C# vs C++ 全局照明渲染性能比试
2010-06-23 09:48 Milo Yip 阅读(32401) 评论(104) 编辑 收藏 举报
512x512像素,每像素1000采样,C#版本渲染时间为40分47秒
最近有多篇讨论程序语言趋势的博文,其中谈及到C#的性能问题。本人之前未做过相关测试,自己的回覆流于理论猜测,所以花了点时间做个简单实验,比较C#和C++的性能。
实验内容
赵姐夫在此回覆认为,C#比C/C++慢,主要在于.Net平台的垃圾回收(garbage collection, GC)机制。若是计算密集型应用,C#和C++产生的原生代码,速度应该相差不大。我对此半信半疑。想到之前看过一个用99行C++代码实现的全局照明(global illumination, GI)渲染程序smallpt ,是纯计算密集的。而且在运算期间,若用C#实现,基本上连GC都可以不用。因此,就把该99行代码移植至C#。
此渲染器的一些特点如下:
- 使用蒙地卡罗路径追踪(Monte Carlo path-tracing)来产生全局照明效果
- 支持三种双向反射分布函数(bidirectional reflectance distribution function, BRDF): 镜射(specular)、漫射(diffuse)和玻璃(即纯折射的介质)

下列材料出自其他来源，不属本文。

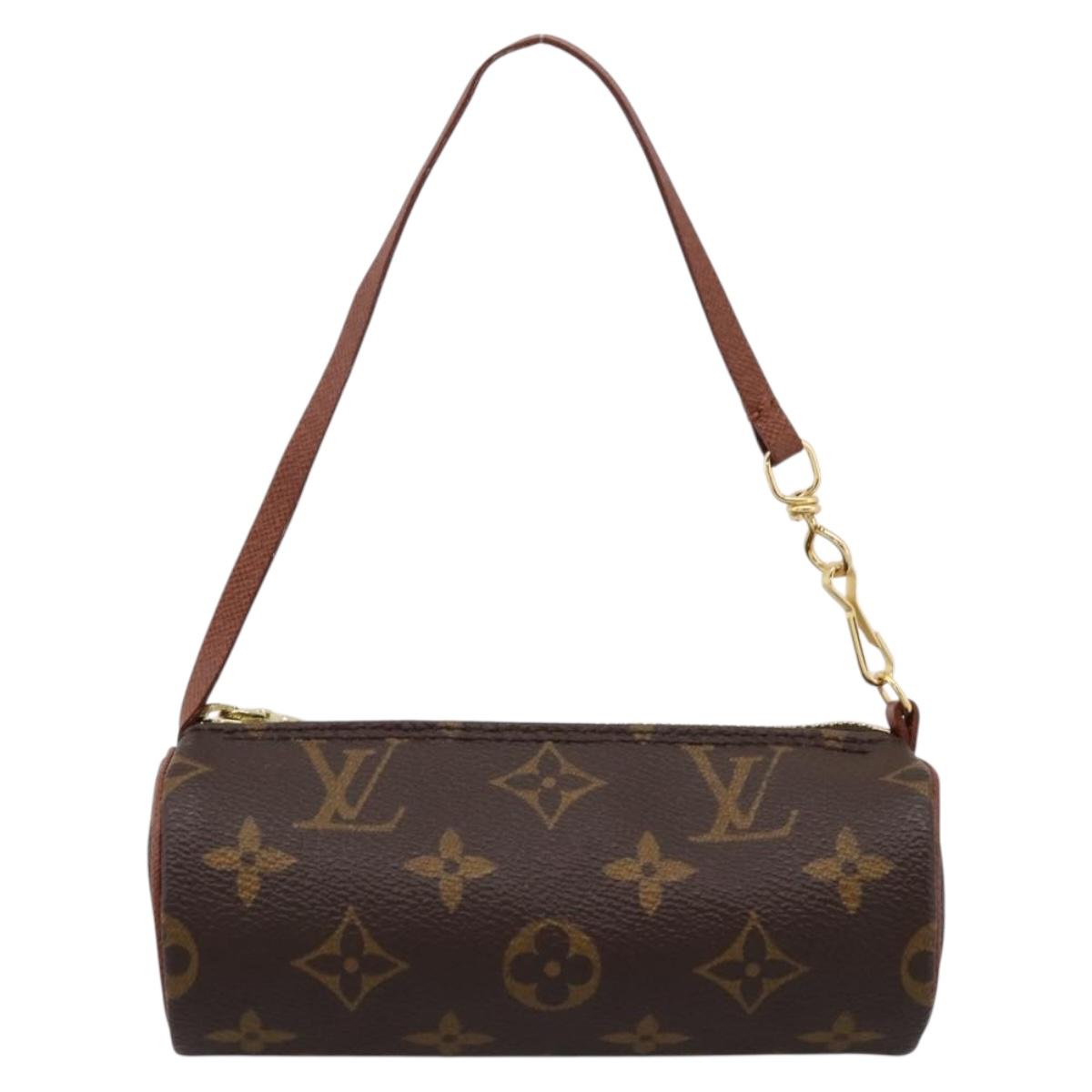 LOUIS VUITTON Monogram Papillon Pouch Pouch LV Auth 202022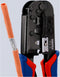 Knipex 975110 - Krimptang RJ11/12 (6pin 9.65mm) - RJ45 (8pin 11.68mm)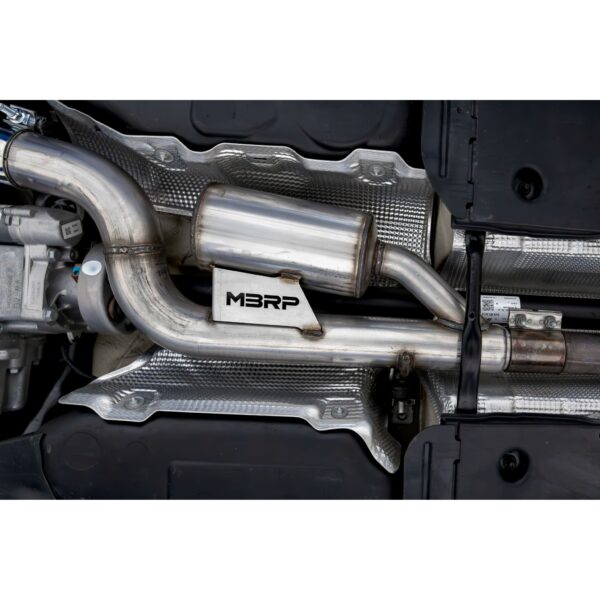 MBRP Exhaust 3" Cat Back, Quad Split Rear,with Carbon Fiber Tips T304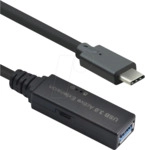 ROLINE 12041065 - Aktives USB 5 Gb/s-Kabel, C-Stecker > A-Buchse, 5 m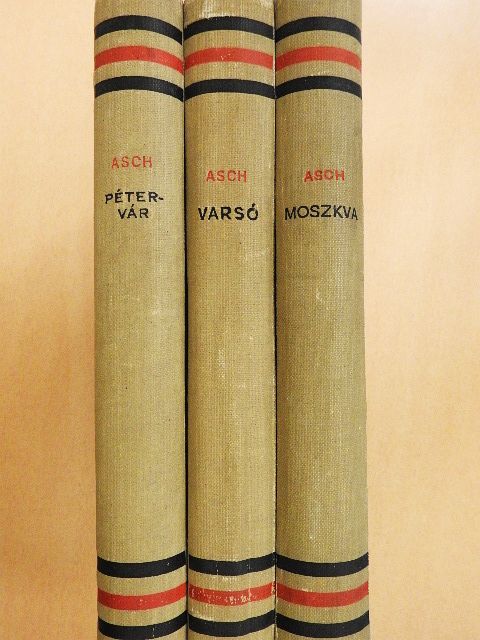 Schalom Asch - Pétervár/Varsó/Moszkva [antikvár]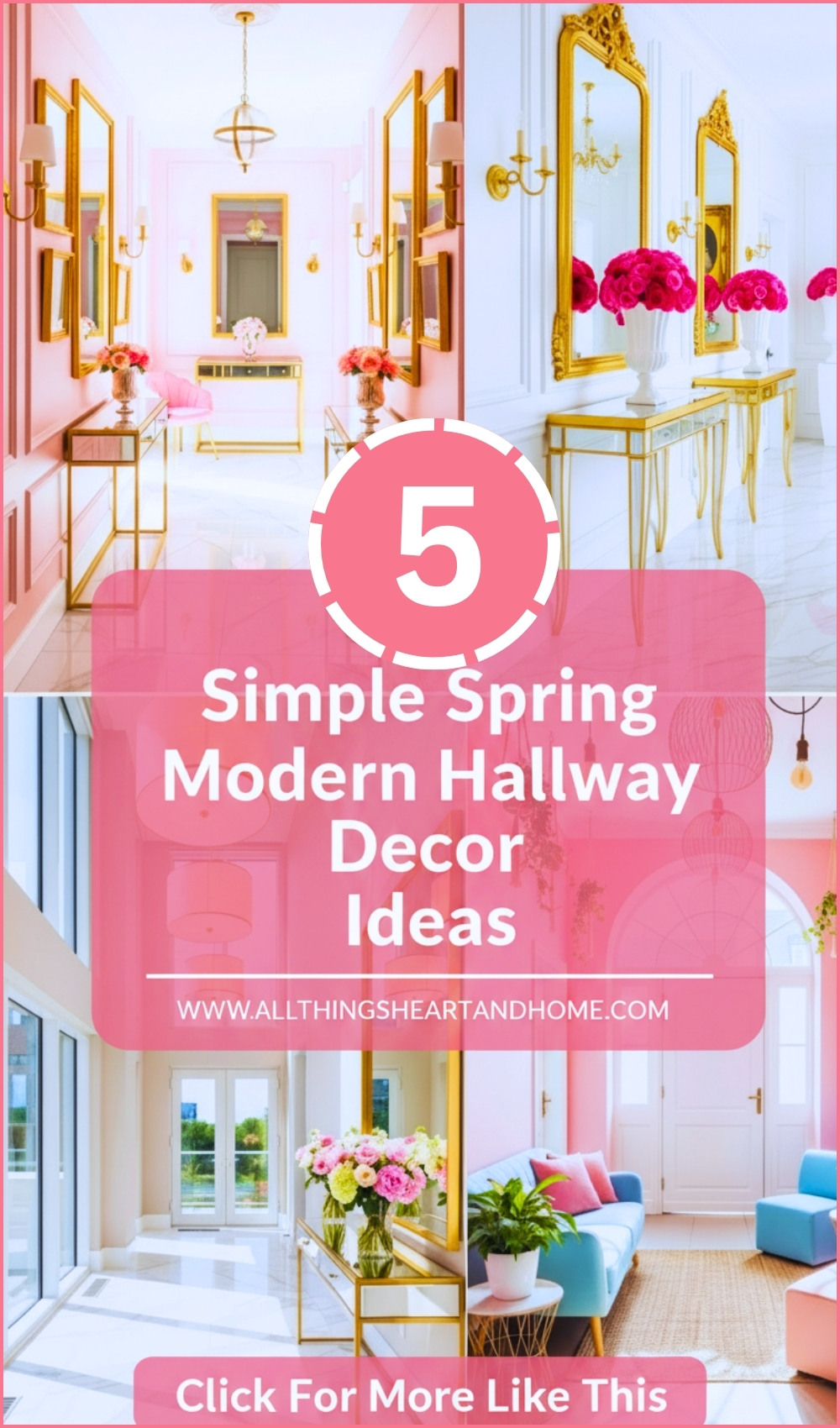 Simple Spring Modern Hallway Decor Ideas 12
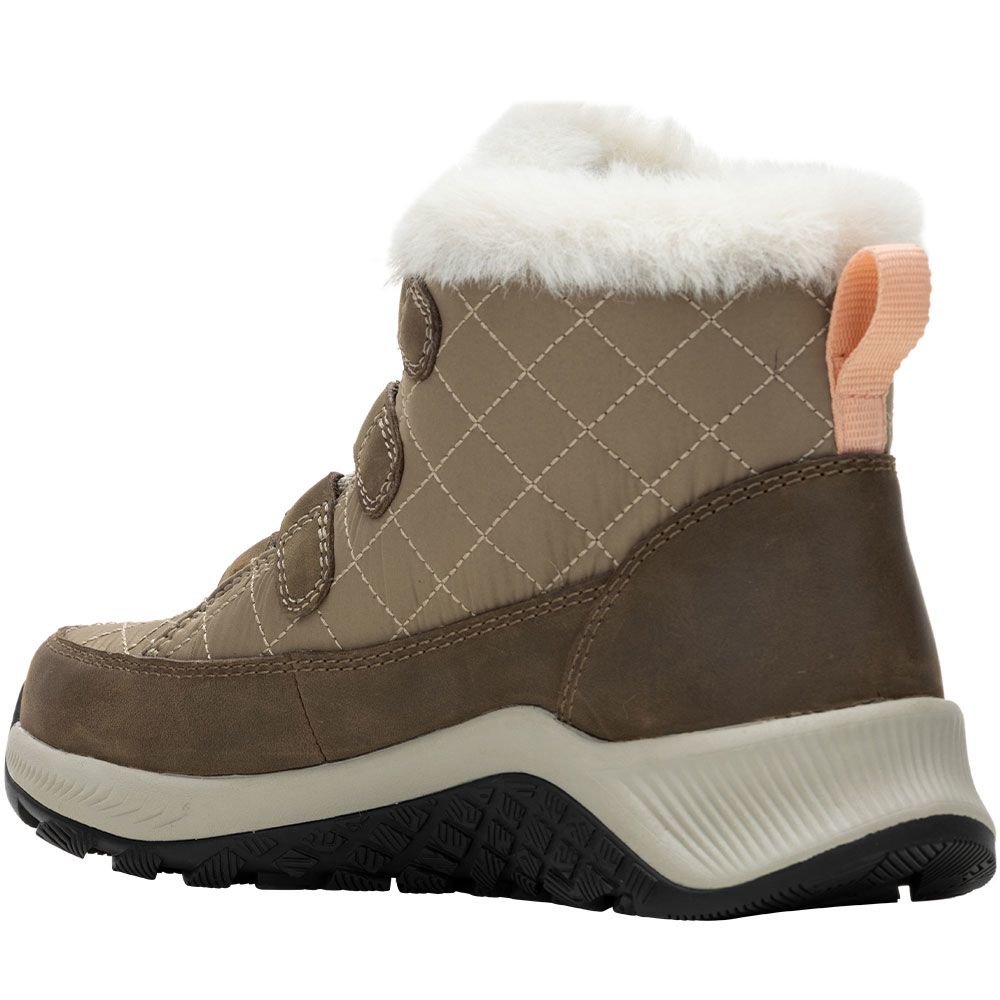 Wolverine Luton Qltd Wp Ins Hikr Winter Boots - Womens Gravel Back View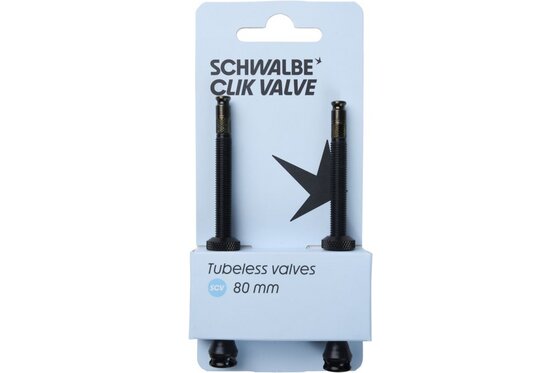 Tubeless Zubehör - Schwalbe Tubeless Valve Set SCV Clik Valve - 80 mm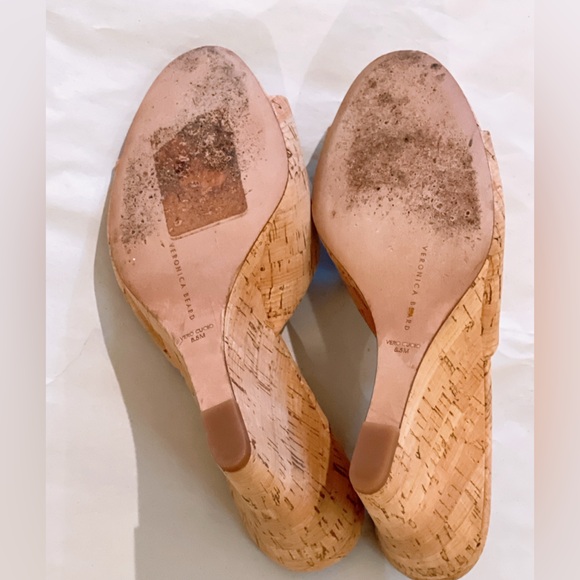 Veronica Beard Women's Dali Wedge Slide Cork Sandals size 8.5 - Picture 8 of 12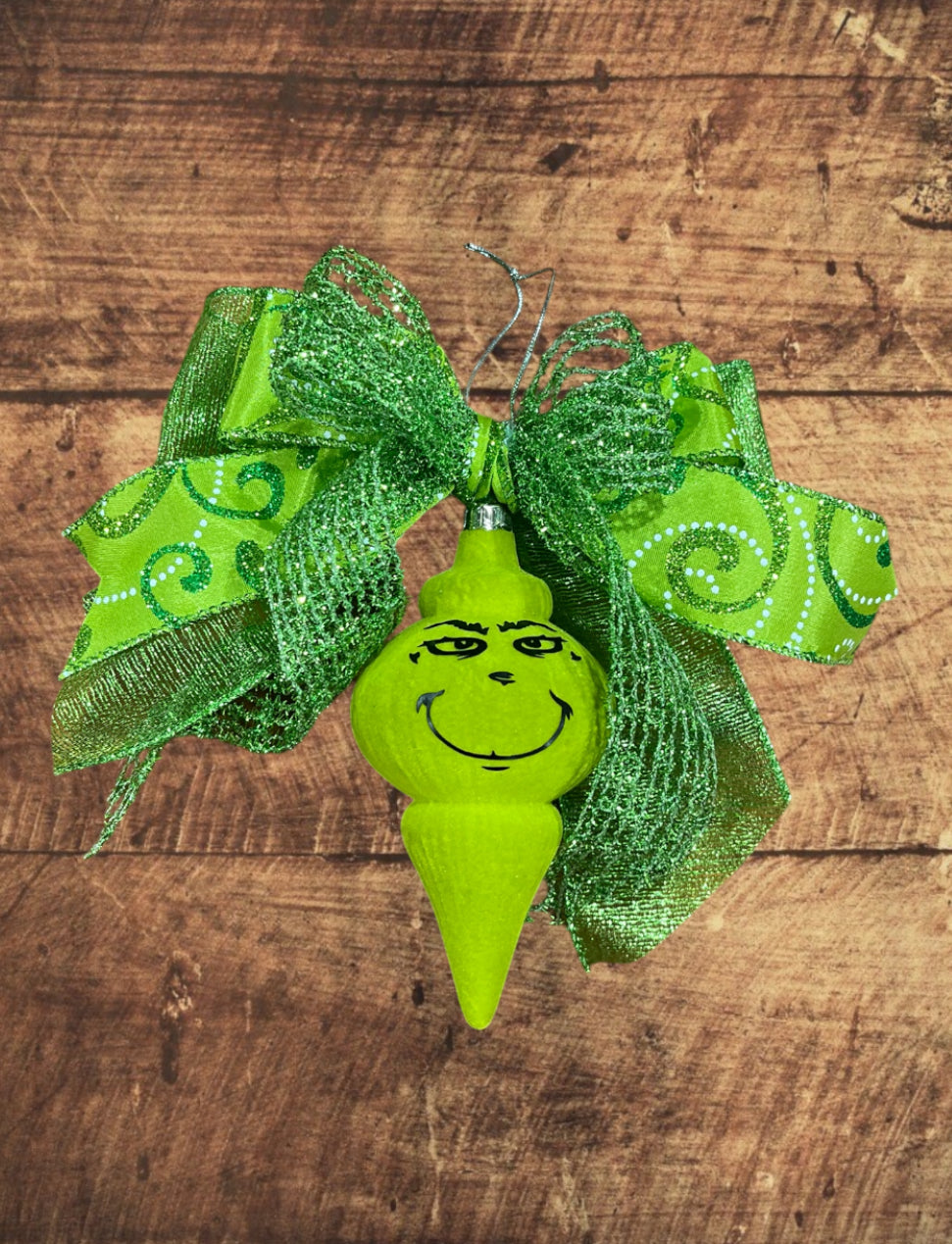 Grinch Ribbon Ornaments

- 从漫射光源产生柔和阴影(soft shadow)
- 使用2x2超采样(super-sampling)去实现反锯齿
- 使用OpenMP作并行运算,充份利用多核性能
当中的术语及技术,之后可能会于图形学博文系列里探讨。本文主要以性能为题。
C++版本
以下是C++版本代码,作了些许修改。修改地方加上了MILO注译。
#include <math.h> // smallpt, a Path Tracer by Kevin Beason, 2008
#include <stdlib.h> // Make : g++ -O3 -fopenmp smallpt.cpp -o smallpt
#include <stdio.h> // Remove "-fopenmp" for g++ version < 4.2
#include <time.h> // MILO
#include "erand48.inc" // MILO
#define M_PI 3.141592653589793238462643 // MILO
struct Vec { // Usage: time ./smallpt 5000 && xv image.ppm
double x, y, z; // position, also color (r,g,b)
Vec(double x_=0, double y_=0, double z_=0){ x=x_; y=y_; z=z_; }
Vec operator+(const Vec &b) const { return Vec(x+b.x,y+b.y,z+b.z); }
Vec operator-(const Vec &b) const { return Vec(x-b.x,y-b.y,z-b.z); }
Vec operator*(double b) const { return Vec(x*b,y*b,z*b); }
Vec mult(const Vec &b) const { return Vec(x*b.x,y*b.y,z*b.z); }
Vec& norm(){ return *this = *this * (1/sqrt(x*x+y*y+z*z)); }
double dot(const Vec &b) const { return x*b.x+y*b.y+z*b.z; } // cross:
Vec operator%(const Vec &b){return Vec(y*b.z-z*b.y,z*b.x-x*b.z,x*b.y-y*b.x);}
};
struct Ray { Vec o, d; Ray(const Vec &o_, const Vec &d_) : o(o_), d(d_) {} };
enum Refl_t { DIFF, SPEC, REFR }; // material types, used in radiance()
struct Sphere {
double rad; // radius
Vec p, e, c; // position, emission, color
Refl_t refl; // reflection type (DIFFuse, SPECular, REFRactive)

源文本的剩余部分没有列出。